Garry Griffin (photo by Don Ipock Photography)

Veteran director Gary Griffin will return in 2012 to the world-renowned Stratford Festival in Canada to stage the musical, 42nd Street. The return engagement is all the sweeter because next year is the 60th anniversary of the Stratford Festival, and Griffin will be the sole participating Chicago artist.

Indeed, Stratford has become annual gig for Griffin as he's been north of the border for three consecutive years, scoring artistic and personal successes with his productions of West Side Story, Evita and--this year--Camelot. Several other Chicago-connected big names also were at the Stratford Festival this year, writer/director Frank Galati and actor Brian Dennehy (a member of the Goodman Theatre Artistic Collective). But Griffin will be flying solo in Ontario come 2012, a celebratory season dedicated chiefly to Canadian artists and playwrights.
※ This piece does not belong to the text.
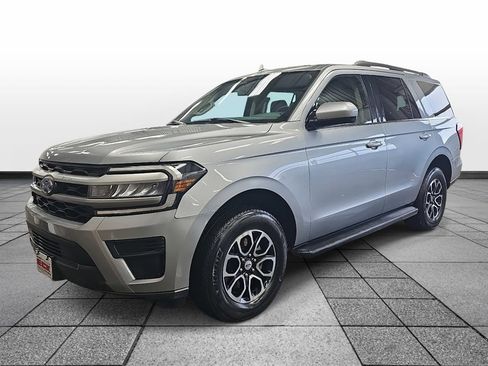 Used 2024 Ford Expedition XLT image 1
But with 42nd Street, Griffin will stage a quintessential "New Yawk" showbiz story.

The Stratford Festival now ranks along side the Chicago Shakespeare Theater and the New York City Center Encore! Series as one of Griffin's three home bases. He remains associate artistic director of Chicago Shakes, and he's staged five shows for Encore!, most recently a heartfelt and gloriously-sung production of the Kurt Weill-Maxwell Anderson rarity, Lost in the Stars, last February. His most recent show for Chicago Shakespeare Theater was this season's well-received As You Like It.

Griffin frequently is identified with musicals and/or large and lavish shows, but his current Chicago project proves he can go small-scale, too. Griffin staged the one-character play, The Detective's Wife, at Writers' Theatre in Glencoe, utilizing the troupe's original, tiny 50-seat space at the back of Books-on-Vernon. The world premiere by Keith Huff plays through July 31. Coincidentally, Writers' Theatre founder and artistic director Michael Halberstam is a veteran of the Stratford Festival where he cut his teeth as a young actor in the 1980's.